One of the most common problems I see in websites is the same content being available at both the WWW and non-WWW versions of a domain. I’ve encountered this in nearly every website I’ve done an SEO audit for, and I see it every day when browsing the web. Despite it being so prevalent, it is indeed a problem.

Having the same content available on both the WWW and non-WWW versions of a domain (such as authoritylabs.com and www.authoritylabs.com) is called canonicalization. While you and I might realize they are in fact the same page, search engines mistake them to be unique pages.

Most of the time, search engines can figure out that they are the same page and only include the canonical URL in their index. SEObook explains the canonical URL as:

The canonical version of any URL is the single most authoritative version indexed by major search engines. Search engines typically use PageRank or a similar measure to determine which version of a URL is the canonical URL.

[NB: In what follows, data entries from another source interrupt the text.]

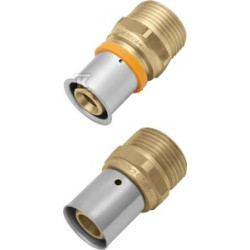 ZŁĄCZKA 50X4 G1 1/2" GZ PRESS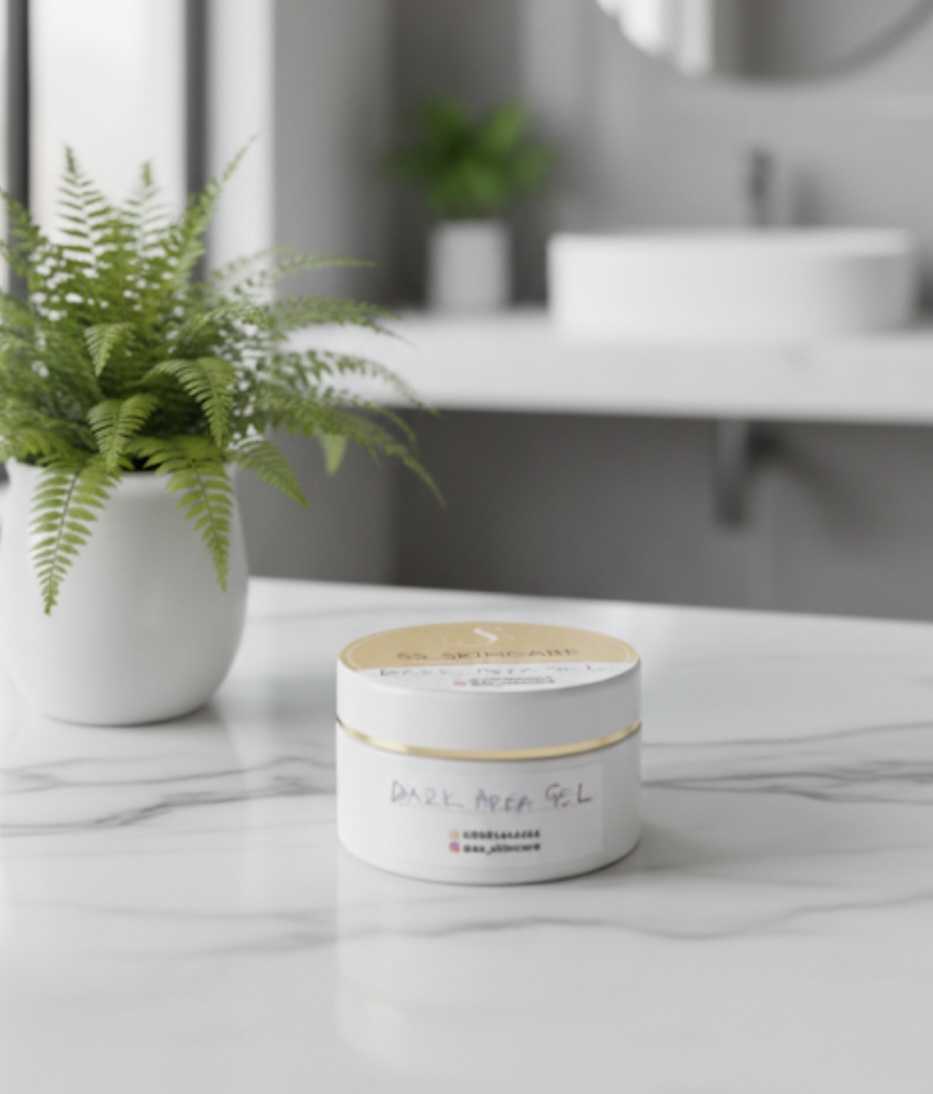Dark Area & Inner Thigh Brightening Gel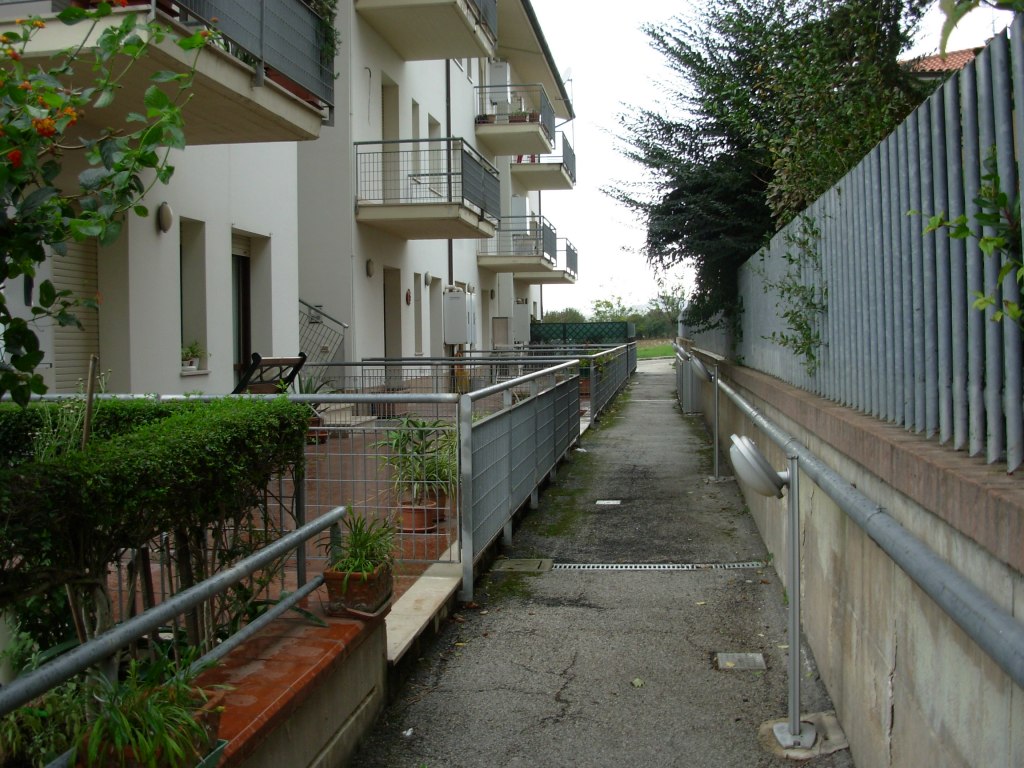 Appartamento con cantina a Castelfidardo (AN) - LOTTO 9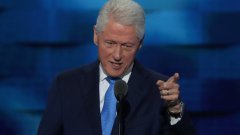 ФБР разсекрети старо дело срещу Бил Клинтън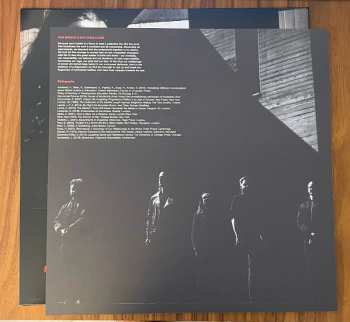 LP Terzij De Horde: Our Breath Is Not Ours Alone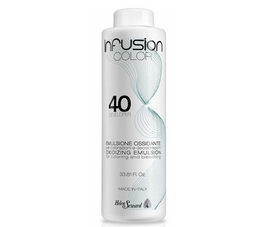 INFUSION OSSIGENO 40 VOLUMI 200ml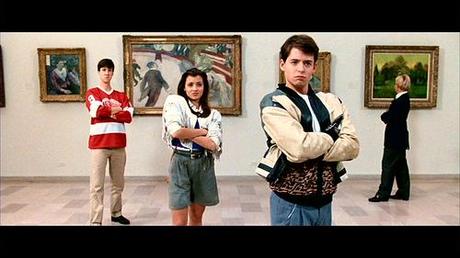 `Todo en un Día´-cuanto te queremos Ferris Bueller- `Todo en un Día´-cuanto te queremos Ferris Bueller-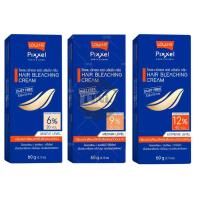 ราคา ครีมฟอกสีผมโลแลน พิกเซล 60 กรัม Lolane Pixxel Bleaching cream 60 g (27137733529)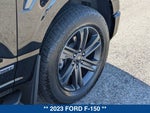 2023 F-150 Thumbnail 12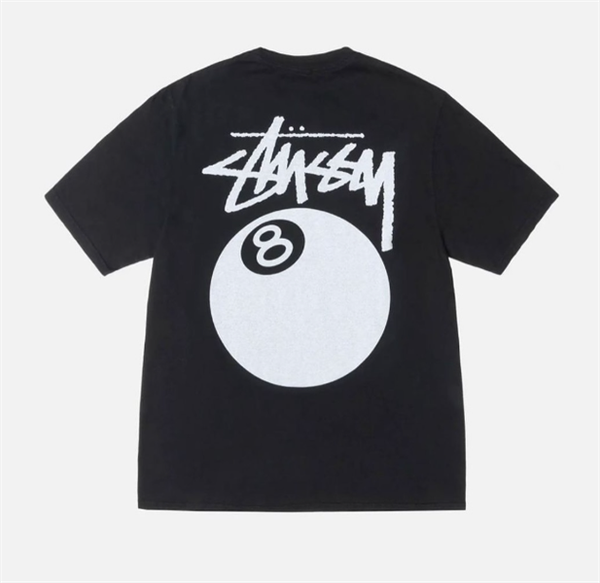 Áo thun Stussiz Tee Bida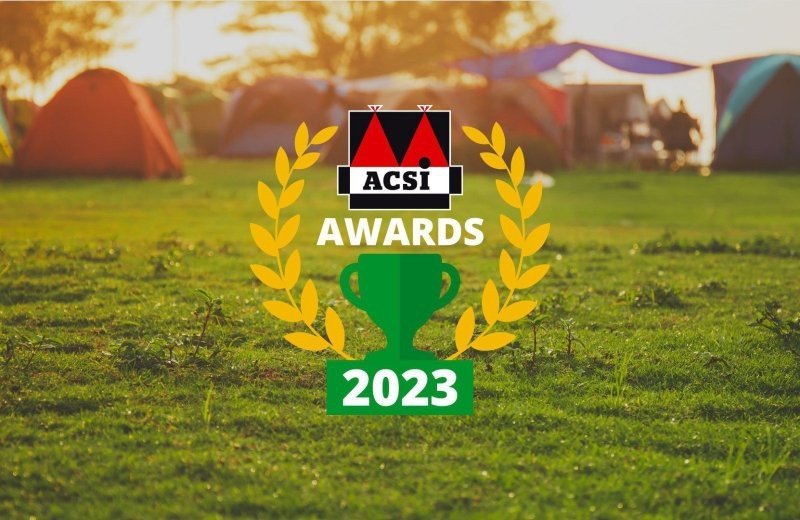 Acsi award 2023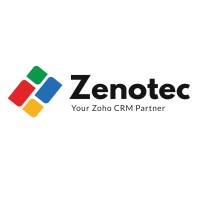 Zenotec Consulting logo - Similar company to Trust Infotech Electronics Llc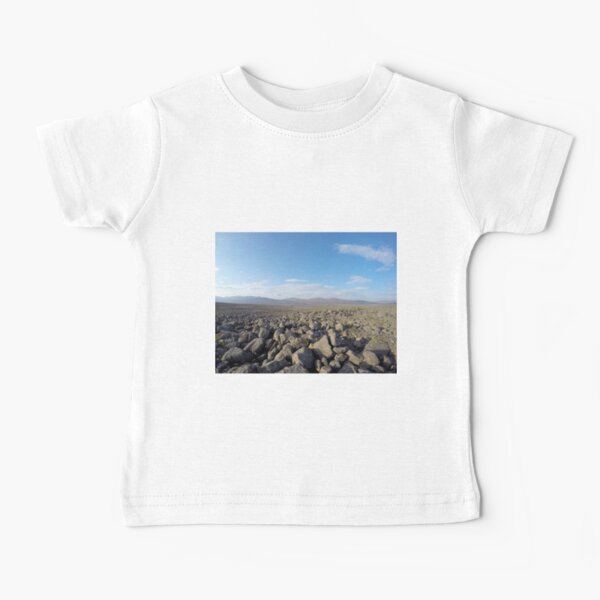 Putorana Plateau Baby T-Shirt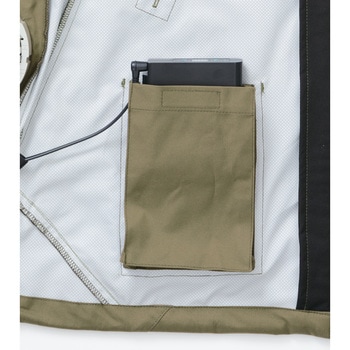 空調服(R) ベスト AR22001 空調服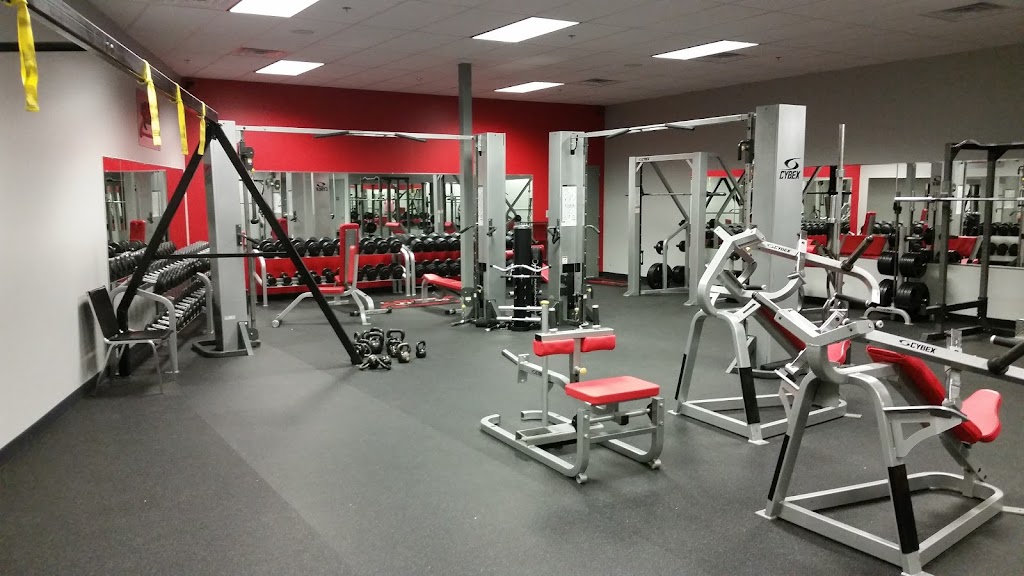  Snap Fitness Ashland City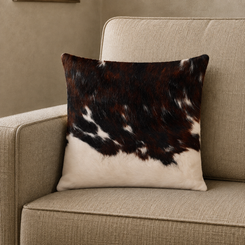 Cowhide Cushion CUSH26-110 (40cm x 40cm)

Regardless, canonicalization can result in indexing problems and duplicate content issues. Most importantly, canonicalization will split the link juice between each version as people link to and share both.

What you want to see is a redirection from the WWW to the non-WWW, or vice versa, so that if the wrong version is entered or linked to, the user is automatically taken to the canonical URL. Fortunately, this is relatively easy to set up.

Google Webmaster Tools

If you’ve verified your site with Google Webmaster Tools, you can set your preferred domain by going to Site Configuration > Settings, and selecting either ‘Display URLs as www.yourdomain.com’ or ‘Display URLs as yourdomain.com’.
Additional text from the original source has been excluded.